Important dignitaries in attendance and parade information 

Amongst those in attendance were:
 President of India, Pranab Mukherjee;
 President of China, Xi Jinping;
 President of the State of Palestine Mahmoud Abbas; 
 President of the Republic of Cyprus, Nicos Anastasiades; 
 President of South Africa, Jacob Zuma; 
 President of Kazakhstan, Nursultan Nazarbayev;
 President of Kyrgyzstan, Almazbek Atambayev 
 President of Tajikistan, Emomali Rahmon 
 President of Armenia, Serzh Sargsyan; 
 President of Azerbaijan, Ilham Aliyev;
 President of Zimbabwe, Robert Mugabe;
 President of Serbia, Tomislav Nikolić;
 President of Mongolia, Tsakhiagiin Elbegdorj;
 President of Vietnam, Trương Tấn Sang;
 President of Cuba, Raúl Castro;
 President of Venezuela, Nicolas Maduro; 
 President of Egypt, Abdel Fattah el-Sisi; 
 United Nations Secretary General, Ban Ki-moon.

In all, around 30 international leaders attended the parade, including heads of UNESCO and the Council of Europe, with invitations having been sent to 68 heads of state.
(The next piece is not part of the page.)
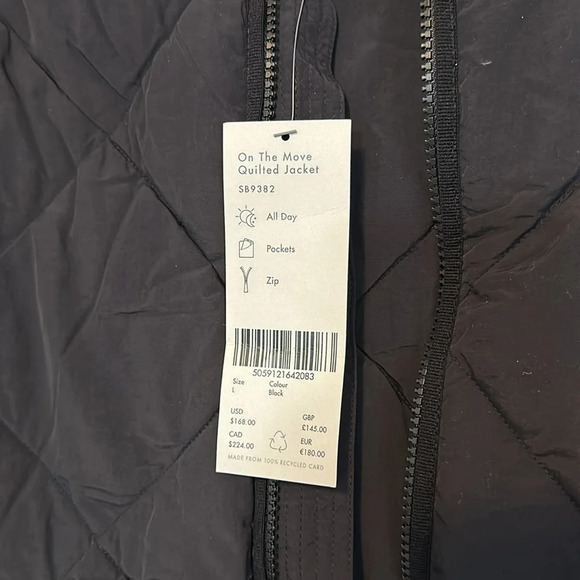 Sweaty Betty On The Move Quilted Jacket Black Puffer NWT L - Picture 7 of 9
The UK was represented by the grandson of World War II leader British Prime Minister Winston Churchill, Nicholas Soames. A number of EU countries including the Czech Republic, Hungary and Greece came under US and/or EU pressure not to attend the Victory Day Parade due to the 2014 annexation of Crimea by the Russian Federation and the subsequent War in Donbass, resulting in Czech President Miloš Zeman subsequently banning the US ambassador from functions at Prague Castle. A number of World War II veterans from the US and UK were present at the victory day celebrations as private attendees.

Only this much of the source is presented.